Problem requirements → Your task is to reproduce the listing exactly, without its images.
Top of Dataset records
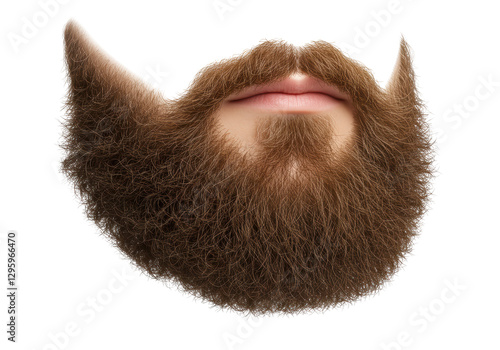 Plakat Isolated Detailed Brown Beard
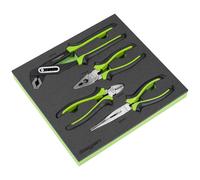 Sealey Siegen Comfort Grip Pliers Set 4pc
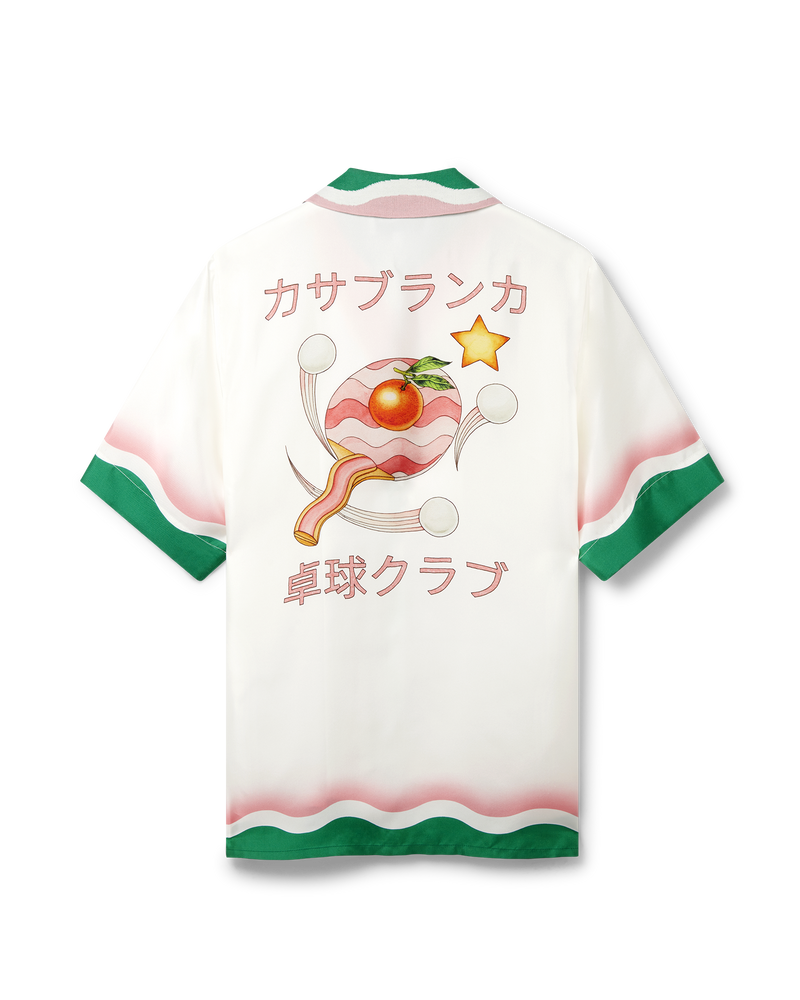 Casablanca Le Jeu De Ping Pong Silk Shirt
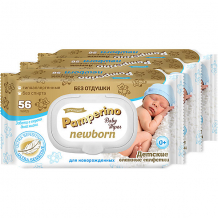 Купить влажные салфетки авангард pamperino № 56 newborn, 3 шт ( id 16753905 )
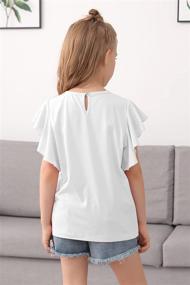 img 3 attached to 🦋 GORLYA Girls' Butterfly Sleeve T-Shirt GOR1092 - Clothing, Tops, Tees & Blouses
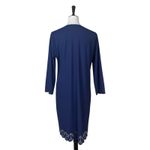 Lands' End Lands’ End Sports Dress Laser Cut Eyelet Trim Navy Blue Women’s Size M/L 10–12 Photo 4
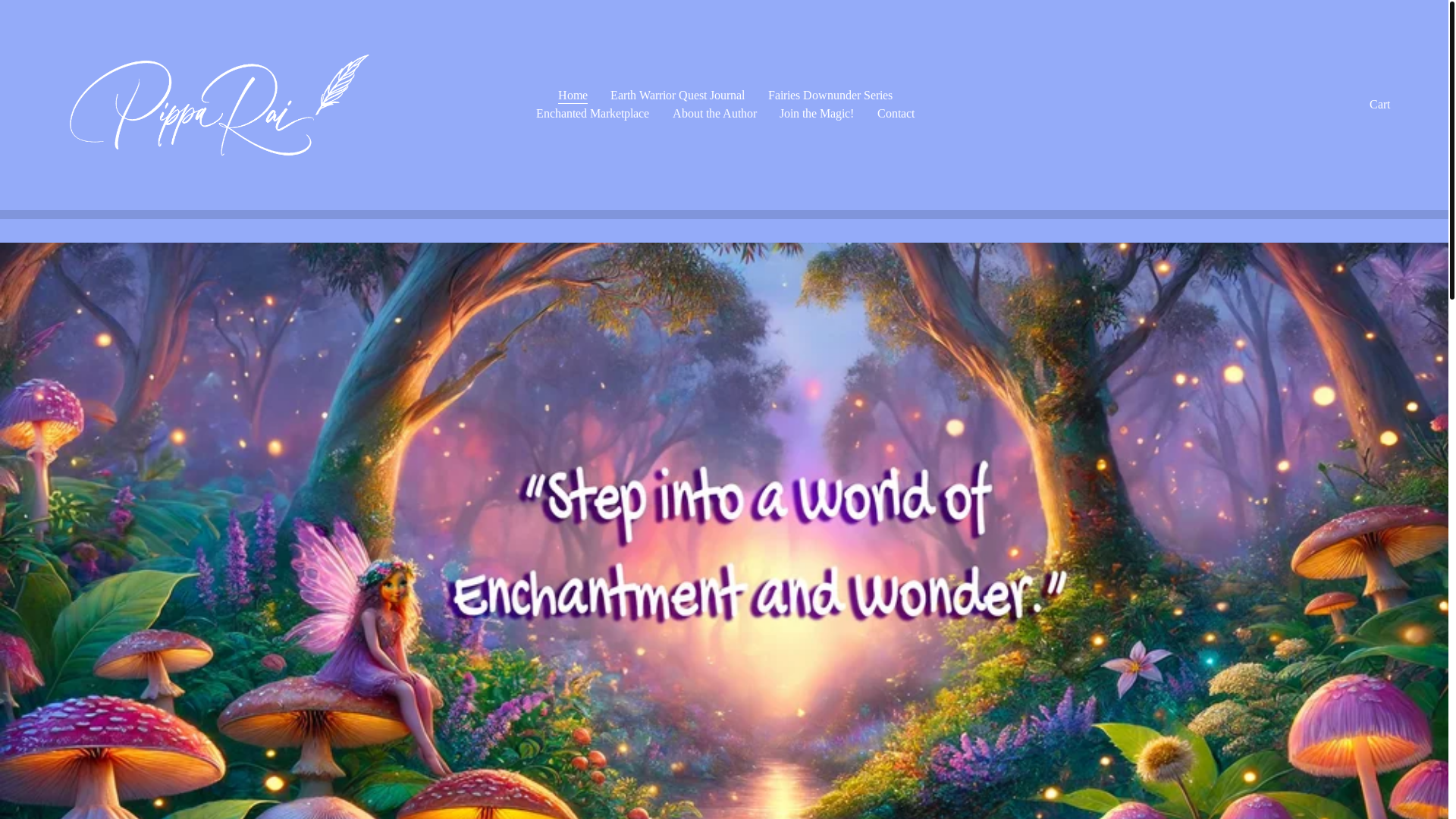 website screenshot of https://theenchantedworldofpipparai.com.au/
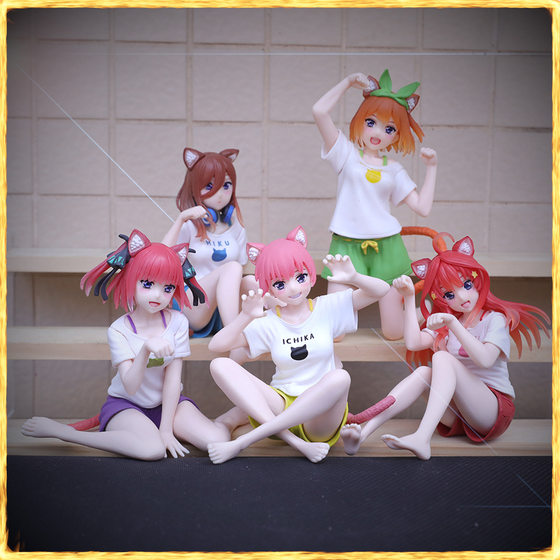 Cats and beautiful girls live in May hand-made model five equal parts of the flower marriage two is three or nine cross-border tremolo ornaments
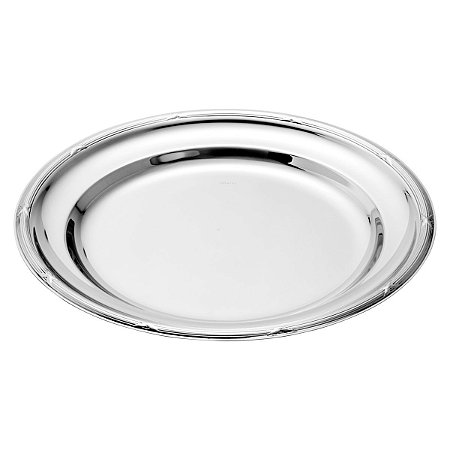 PRATO DE AÇO INOX CROISÉ MÔNACO 29CM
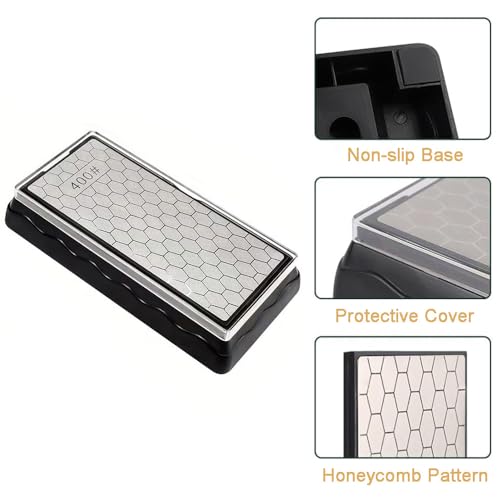 Double sided Diamond Sharpening Stone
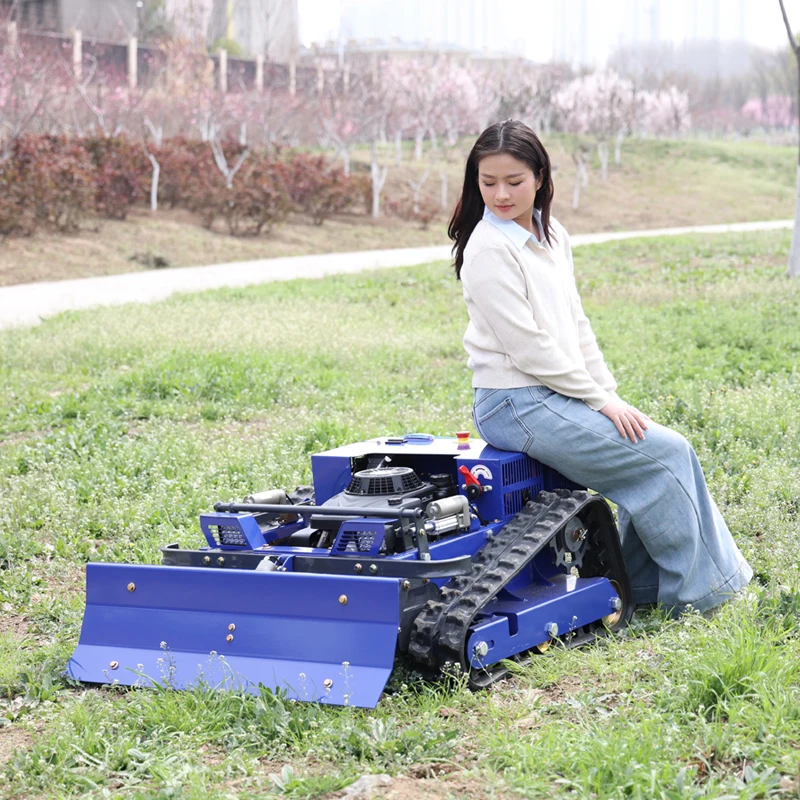 

Customized All Terrain Remote Control Lawn Mower Gas Powered High Efficiency Mowing Machine for Farm Orchard Garden Use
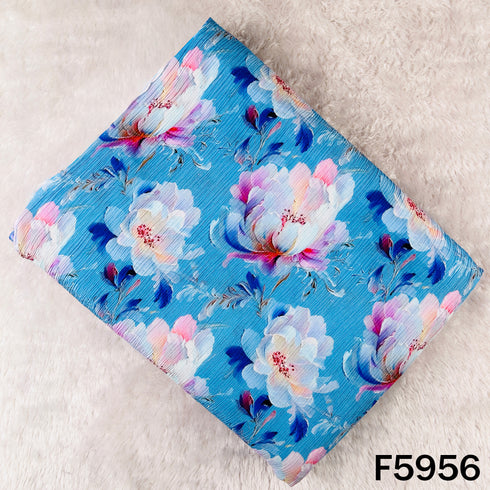 Digital Print Wrinkled Cotton Fabric - F5956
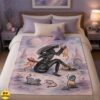 Xenomorph Cats Blanket – Cute Watercolor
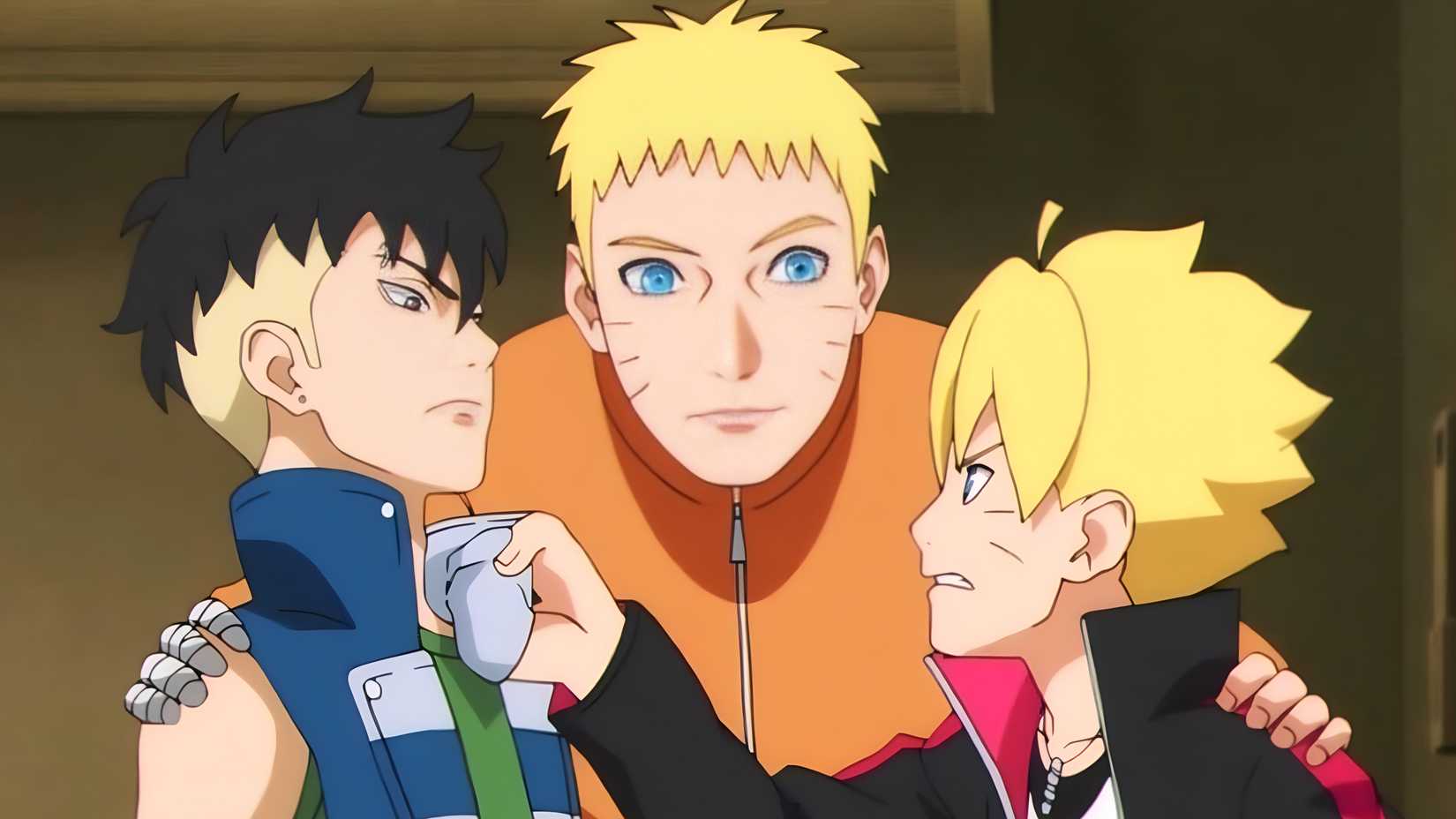 boruto naruto with kawaki and boruto
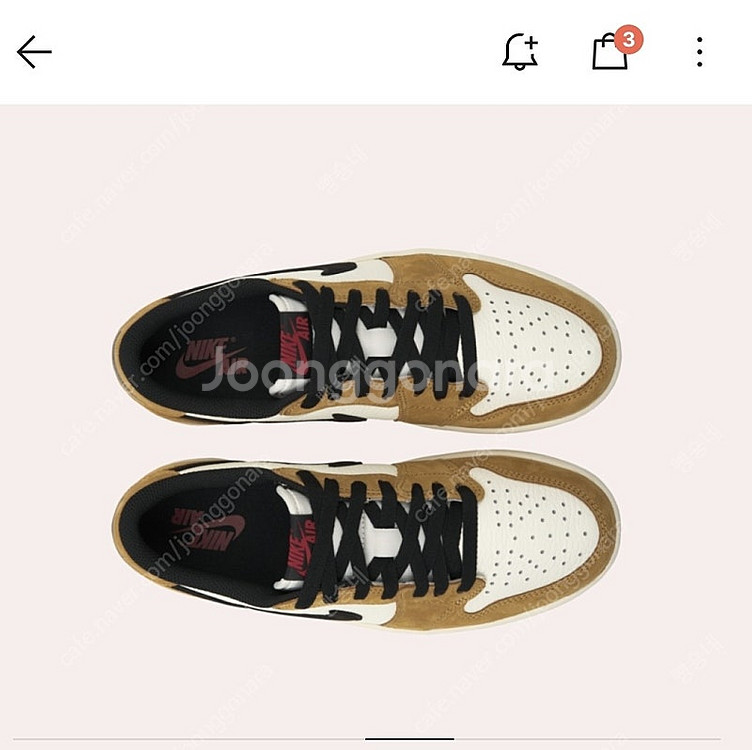 나이키 조던 1 로우 OG 골든 하베스트 / 250 (...--1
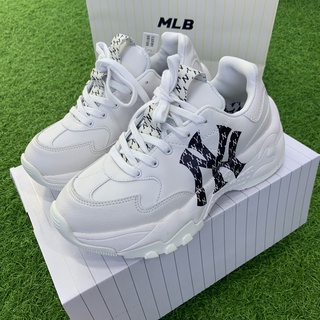 [GG STORE]Giày Sneaker MLB Monogram Đen| MLB NY Monogram Chữ NHỏ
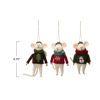 Holiday Sweater Wool Felt Mouse Ornament - Tree by Creative Co-op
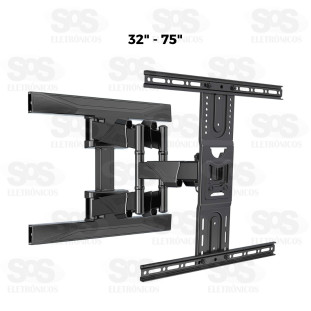 Suporte Articulado Para TV 32" à 75" XC-SP-74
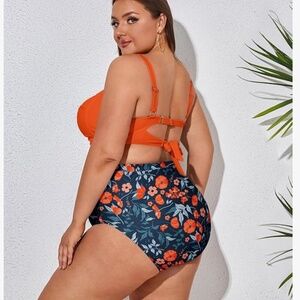 Hanna Nikole Women Plus Size Two Piece Swimsuit Sets Twist Front Bikini Bathing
Bottom of Dataset records
Response to the task →
 Plakat Isolated Detailed Brown Beard
 Sealey Siegen Comfort Grip Pliers Set 4pc
 Casablanca Le Jeu De Ping Pong Silk Shirt
 Купить влажные салфетки авангард pamperino № 56 newborn, 3 шт ( id 16753905 )
 img 3 attached to 🦋 GORLYA Girls' Butterfly Sleeve T-Shirt GOR1092 - Clothing, Tops, Tees & Blouses
 Lands' End Lands’ End Sports Dress Laser Cut Eyelet Trim Navy Blue Women’s Size M/L 10–12 Photo 4
 website screenshot of https://theenchantedworldofpipparai.com.au/
 Cats and beautiful girls live in May hand-made model five equal parts of the flower marriage two is three or nine cross-border tremolo ornaments
 PRATO DE AÇO INOX CROISÉ MÔNACO 29CM
 Double sided Diamond Sharpening Stone

Customized All Terrain Remote Control Lawn Mower Gas Powered High Efficiency Mowing Machine for Farm Orchard Garden Use
 Digital Print Wrinkled Cotton Fabric - F5956
 Xenomorph Cats Blanket – Cute Watercolor
 boruto naruto with kawaki and boruto
 나이키 조던 1 로우 OG 골든 하베스트 / 250 (...--1
 [GG STORE]Giày Sneaker MLB Monogram Đen| MLB NY Monogram Chữ NHỏ
 Holiday Sweater Wool Felt Mouse Ornament - Tree by Creative Co-op
 Suporte Articulado Para TV 32" à 75" XC-SP-74
 Hanna Nikole Women Plus Size Two Piece Swimsuit Sets Twist Front Bikini Bathing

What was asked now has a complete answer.